I’m going to elide over the history of mathematics and the calculus and all of that stuff and just cut to the quick:
Both sets of professors are right. There is a deeper meaning to d/dx where it does actually refer to the actual change in x, but *for your purposes,* you can treat it as notation. You’re integrating what’s between the integral symbol and the d/dx notation.
>Then my professor said the differential of a function and the derivative of a function are two different things, whatever that means.
Your professor is right! The derivative of a function measures *the rate at which the function is changing*, and the differential of the function *measures how much it actually changed.* For most purposes, in most cases, the difference is purely academic, but there are cases where it matters.

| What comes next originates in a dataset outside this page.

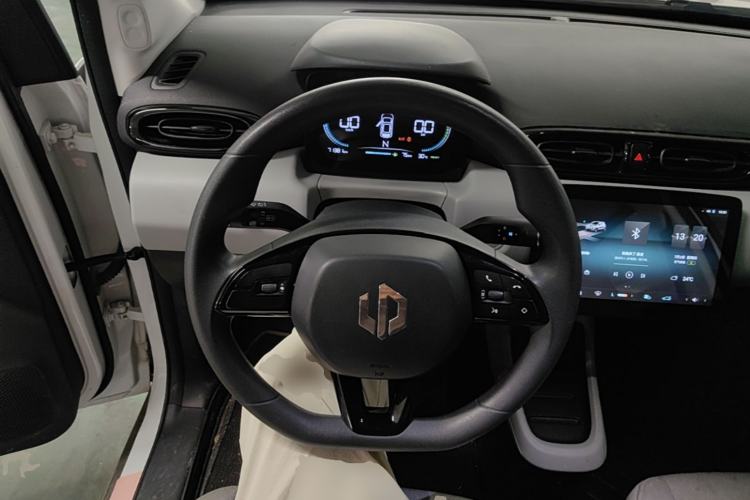 Used Leapmotor T03 2023 310 Lite Edition Steering Wheel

> [Why is it useful](https://math.stackexchange.com/questions/23902/what-is-the-practical-difference-between-a-differential-and-a-derivative/23914#23914) to have the distinction? Because sometimes you want to know how something is changing, and sometimes you want to know how much something changed. It’s all nice and good to know the rate of inflation (change in prices over time), but you might sometimes want to know how much more the loaf of bread is now (rather than the rate at which the price is changing). And because being able to manipulate derivatives as if they were quotients can be very useful when dealing with integrals, differential equations, etc, and differentials give us a way of making sure that these manipulations don’t lead us astray (as they sometimes did in the days of infinitesimals).